NASA announced March 9 that Mark Vande Hei would fly on the Soyuz MS-18 mission to the space station, launching April 9. He will fly with Roscosmos cosmonauts Oleg Novitsky and Pyotr Dubrov.
In a typical mission scenario, the three would stay on the station for about six months, returning after the next crew arrives on Soyuz MS-19 in October. However, Roscosmos officials have discussed filming a movie on the station in October, sending up director Klim Shipenko and an actress to be selected during an ongoing competition on Soyuz MS-19 along with commander Anton Shkaplerov. Shipenko and the actress would return on Soyuz MS-18 with Novitsky, commander of that mission, requiring Dubrov and Vande Hei to stay on the station until as late as April 2022, when the next Soyuz crew rotation mission launches.
Vande Hei, in a call with reporters March 15, acknowledged he may stay on the station for longer than six months. “It all depends on whether those tourists go up on the spacecraft in the fall, because they would take my seat back,” he said.

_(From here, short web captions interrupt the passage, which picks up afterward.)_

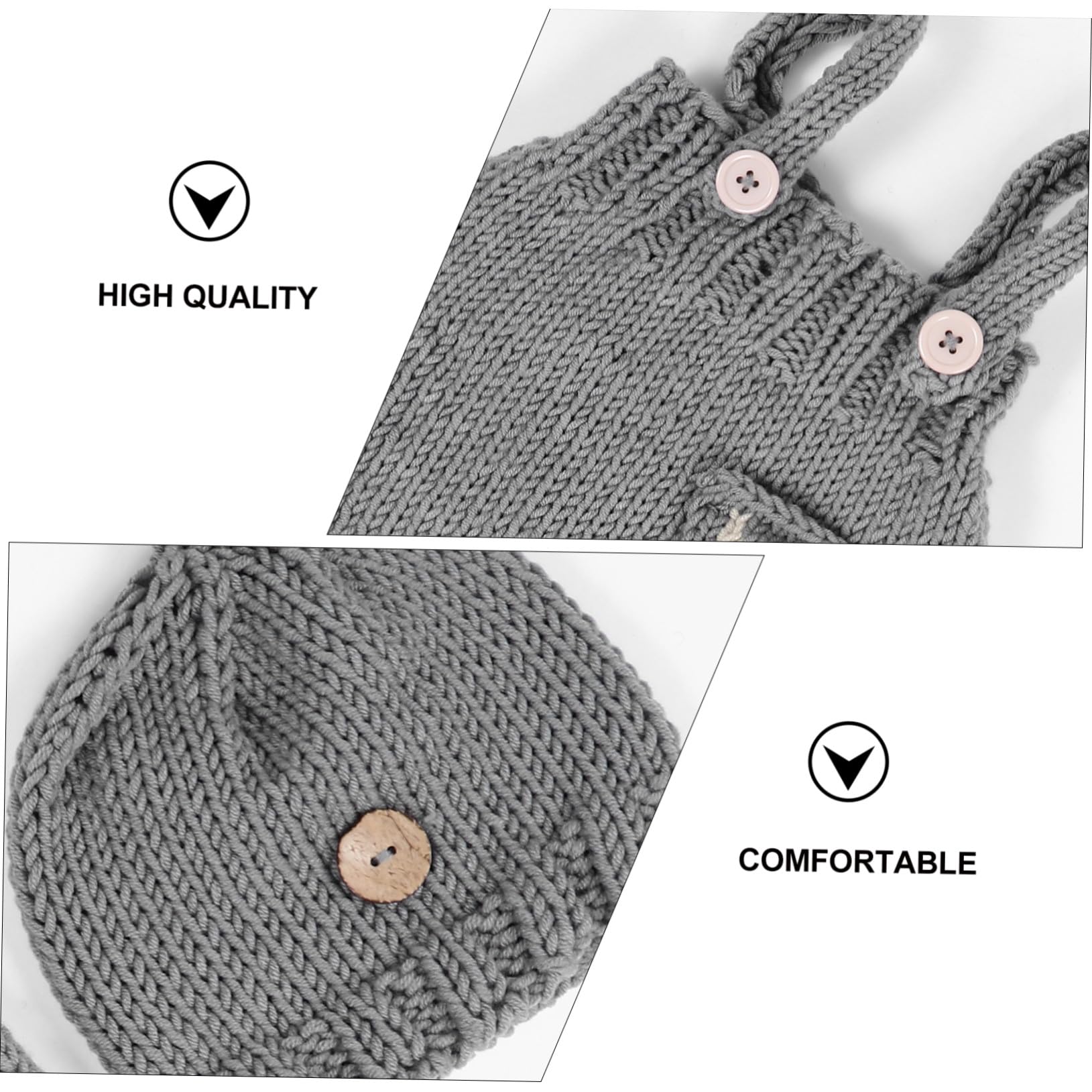 SHERCHPRY tirantes recién nacidos ropa de recién nacido traje de punto para fotos de bebé niño traje bebe gorro bebe disfraz de recien nacido traje de fotografía recién nacido Grey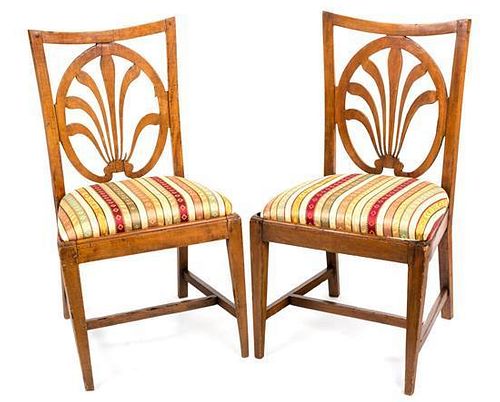 A Pair of North European Beechwood Side Chairs Height 35 inches.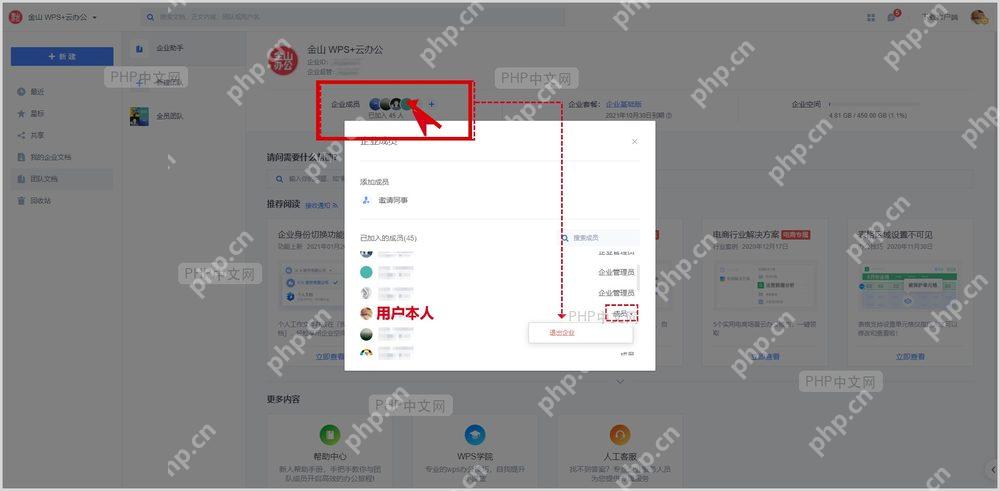 WPS 企业团队成员管理入口与成员列表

He said he welcomes the chance for an extended stay on the ISS. “Honestly, for me it’s just an opportunity for a new life experience. I’ve never been in space longer than six months,” he said, a reference to his first mission to the ISS, which lasted from September 2017 through February 2018. “I’m really enthusiastic about it.”
That uncertain duration is not the only unusual aspect about the mission. NASA acquired the seat not by purchasing it directly from Roscosmos, as it has in the past, but instead through an exchange with commercial spaceflight company Axiom Space, which obtained the seat from Roscosmos in a deal the terms of which neither Roscosmos nor Axiom disclosed. Axiom will receive a seat on a NASA commercial crew mission to the ISS, likely in 2023, in exchange for the Soyuz seat.

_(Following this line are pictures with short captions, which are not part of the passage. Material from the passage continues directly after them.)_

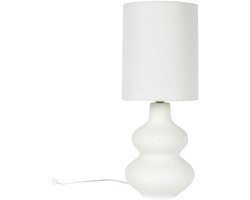 Home deco factory Tafellamp keramisch - crème wit - organisch - modern - met snoer - H50 cm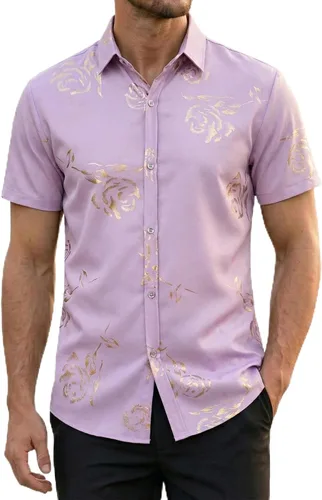 Miniatura 8 de ZEROYAA - Camisas de vestir de manga corta con estampado de rosa dorada para hombre, estilo hipster, calce ajustado, con botones
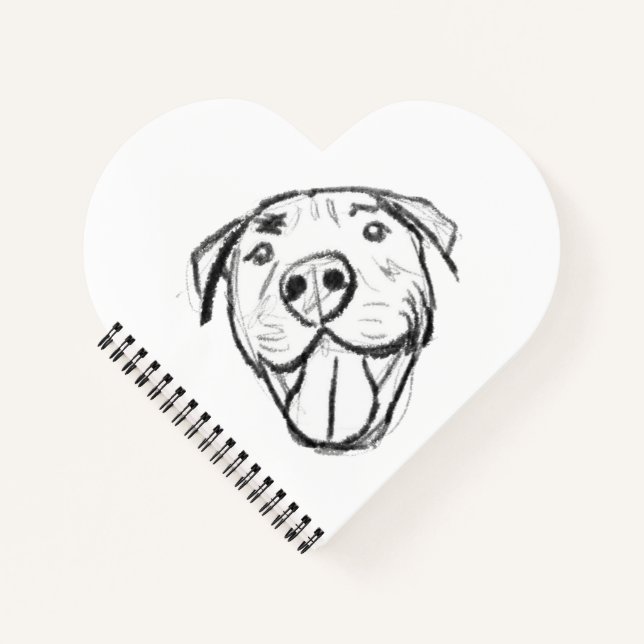 Pitbull Drawing Sing Dog Lovers Black White Notizbuch (Vorderseite)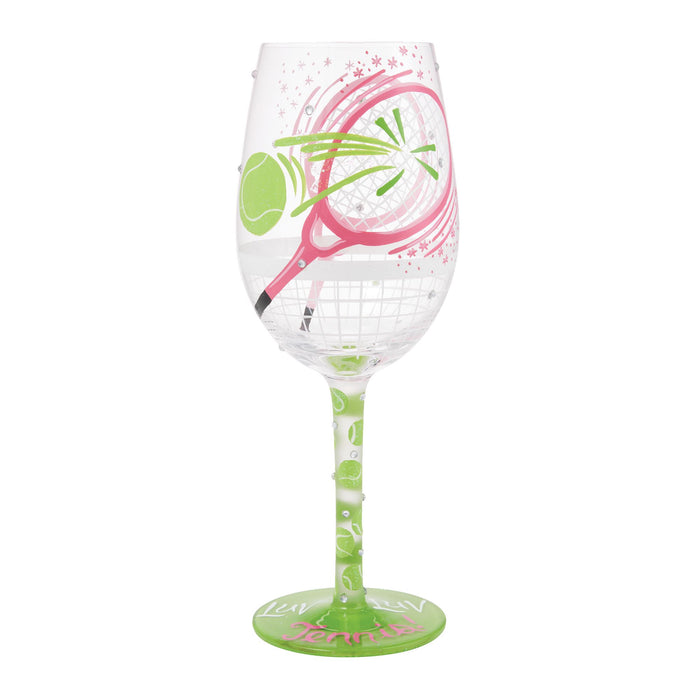 I Luv Luv Tennis Wine Glass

Vande Hei said he was not involved in the negotiations for the seat. “I’m sure it was a very complicated, challenging thing to work out. I know a lot of effort went into making it happen,” he said. “I’m really happy it worked out the way it did, and I’m also very happy that I did not have to deal with all those details.”
Vande Hei started training last year as a backup to Kate Rubins, the NASA astronaut who flew to the station on the Soyuz MS-17 mission last October, then “flowed right into” training for Soyuz MS-18. “The only thing that was uncertain was whether or not I actually launch as a result of doing the training,” he said.

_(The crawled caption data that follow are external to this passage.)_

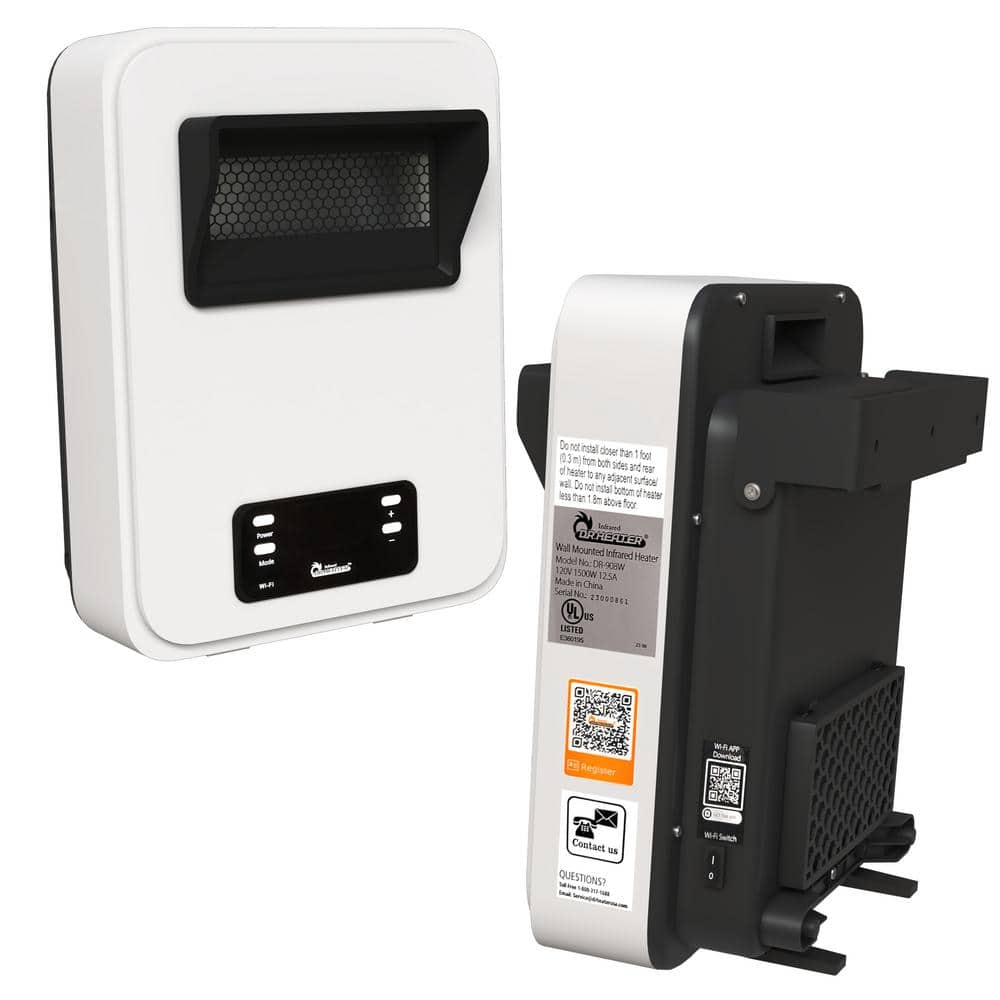 White Wall Mount 1500W Electric Space Heater with WiFi and Remote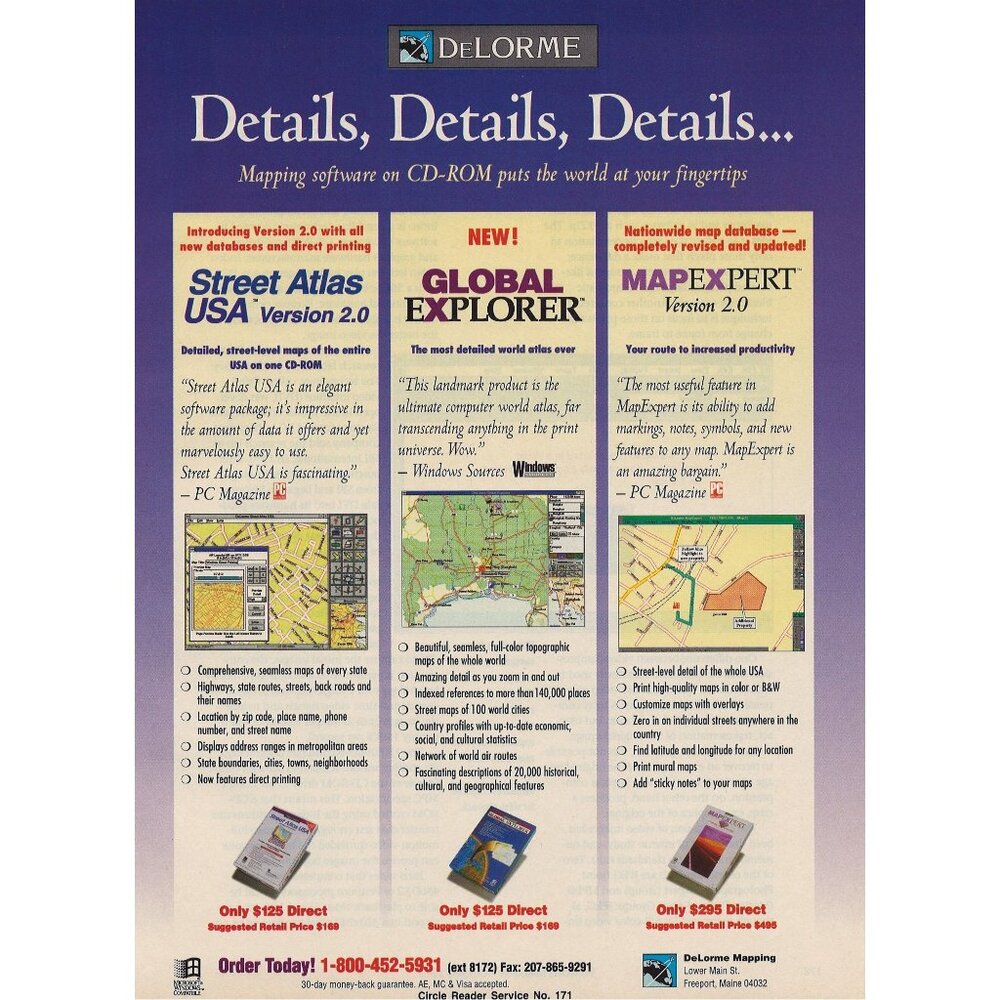 Delorme Mapping Software Atlas Global Explorer MapExpert Vtg Print Ad 1993 u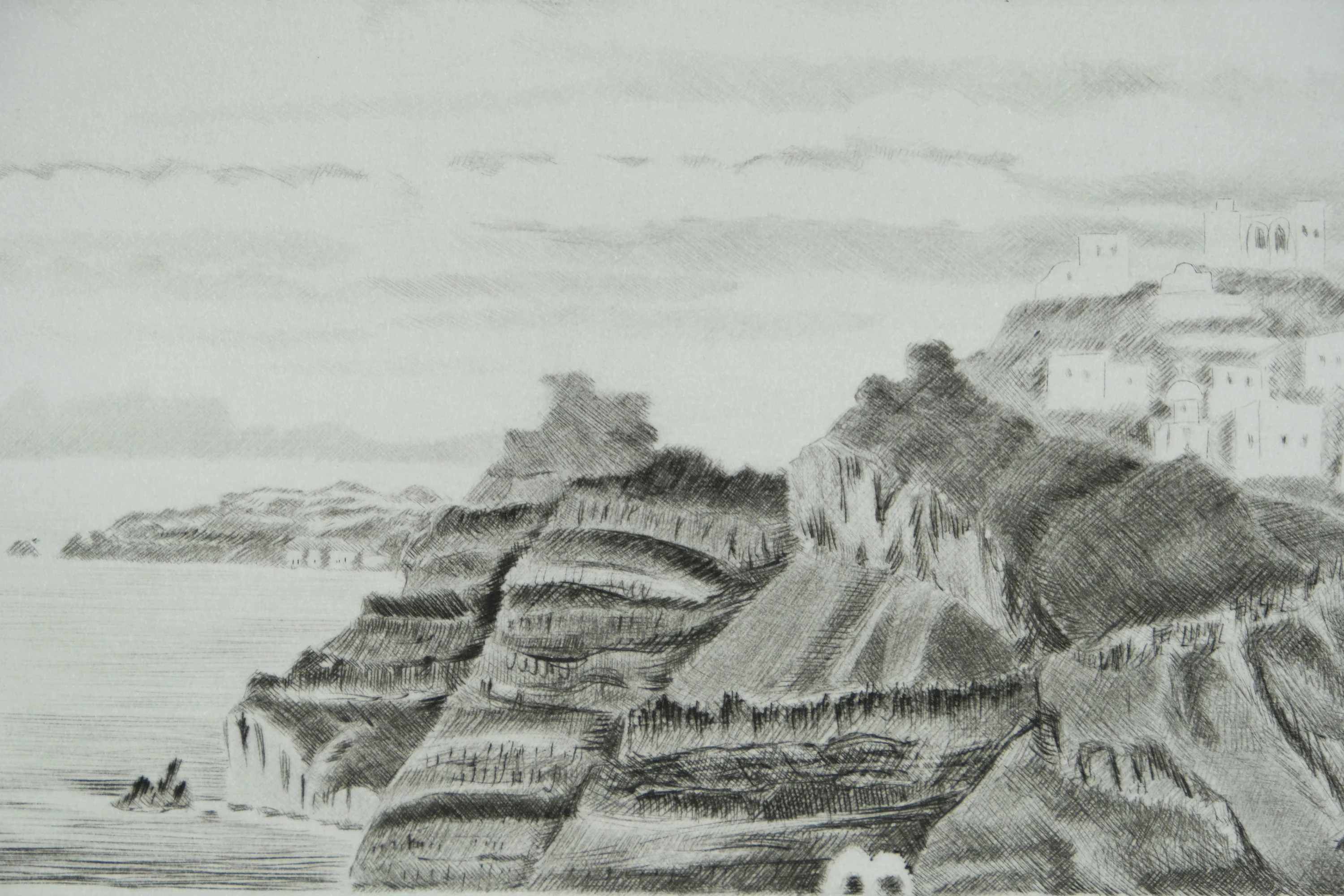 Camille COMBE : Santorin sous les nuages, Gravure originale signée - Image 4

Roscosmos originally announced that Sergei Korsakov would accompany Novitsky and Dubrov on Soyuz MS-18. Vande Hei trained with those three for months, he said, knowing that only three of the four people would fly. “We were ready for whatever contingency,” he said.
Because of that uncertainty, he said he had been managing his expectations about whether he would launch. “I was trying not to get too emotional, too excited about the fact that I may be launching in April,” he said. “I only realized that I had been doing that when I felt super excited when it was actually finalized.”
Roscosmos went as far to make two versions of the Soyuz MS-18 mission patch, one with Vande Hei’s name — seen in February in photos of training activities by Novitsky and Dubrov — and one with Korsakov’s name. In a show of comradery, Vande Hei said he wore the version of the patch with Korsakov’s name while Korsakov wore the patch with Vande Hei’s name. “I will always consider him to be a part of our team,” he said of Korsakov.
Russian media reported that Roscosmos is considering assigning Korsakov to a future Crew Dragon mission once NASA and Roscosmos finalize an agreement about the exchange of seats between Soyuz and commercial crew vehicles.